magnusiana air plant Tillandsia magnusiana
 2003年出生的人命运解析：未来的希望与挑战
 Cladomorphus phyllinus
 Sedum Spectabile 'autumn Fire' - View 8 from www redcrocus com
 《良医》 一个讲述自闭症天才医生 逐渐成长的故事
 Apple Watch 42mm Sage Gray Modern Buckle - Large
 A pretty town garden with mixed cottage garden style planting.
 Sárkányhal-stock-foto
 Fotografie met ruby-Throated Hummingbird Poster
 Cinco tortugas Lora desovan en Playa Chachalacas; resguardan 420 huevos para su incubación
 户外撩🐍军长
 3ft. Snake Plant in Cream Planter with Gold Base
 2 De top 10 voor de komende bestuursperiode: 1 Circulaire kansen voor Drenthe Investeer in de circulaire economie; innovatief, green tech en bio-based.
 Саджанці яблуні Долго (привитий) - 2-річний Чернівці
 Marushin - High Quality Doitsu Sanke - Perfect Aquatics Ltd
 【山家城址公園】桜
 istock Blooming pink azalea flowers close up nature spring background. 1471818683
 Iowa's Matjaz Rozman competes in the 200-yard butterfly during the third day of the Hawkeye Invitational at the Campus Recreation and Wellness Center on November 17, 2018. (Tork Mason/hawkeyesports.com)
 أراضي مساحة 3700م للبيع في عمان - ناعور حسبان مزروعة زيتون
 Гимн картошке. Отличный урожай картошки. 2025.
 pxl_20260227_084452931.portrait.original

§ What is needed
Each of the lines from the one that contains "Cinco tortugas Lora" through the last line of the data needs to be repeated exactly, with no others.

§ Solved problem
 Cinco tortugas Lora desovan en Playa Chachalacas; resguardan 420 huevos para su incubación
 户外撩🐍军长
 3ft. Snake Plant in Cream Planter with Gold Base
 2 De top 10 voor de komende bestuursperiode: 1 Circulaire kansen voor Drenthe Investeer in de circulaire economie; innovatief, green tech en bio-based.
 Саджанці яблуні Долго (привитий) - 2-річний Чернівці
 Marushin - High Quality Doitsu Sanke - Perfect Aquatics Ltd
 【山家城址公園】桜
 istock Blooming pink azalea flowers close up nature spring background. 1471818683
 Iowa's Matjaz Rozman competes in the 200-yard butterfly during the third day of the Hawkeye Invitational at the Campus Recreation and Wellness Center on November 17, 2018. (Tork Mason/hawkeyesports.com)
 أراضي مساحة 3700م للبيع في عمان - ناعور حسبان مزروعة زيتون
 Гимн картошке. Отличный урожай картошки. 2025.
 pxl_20260227_084452931.portrait.original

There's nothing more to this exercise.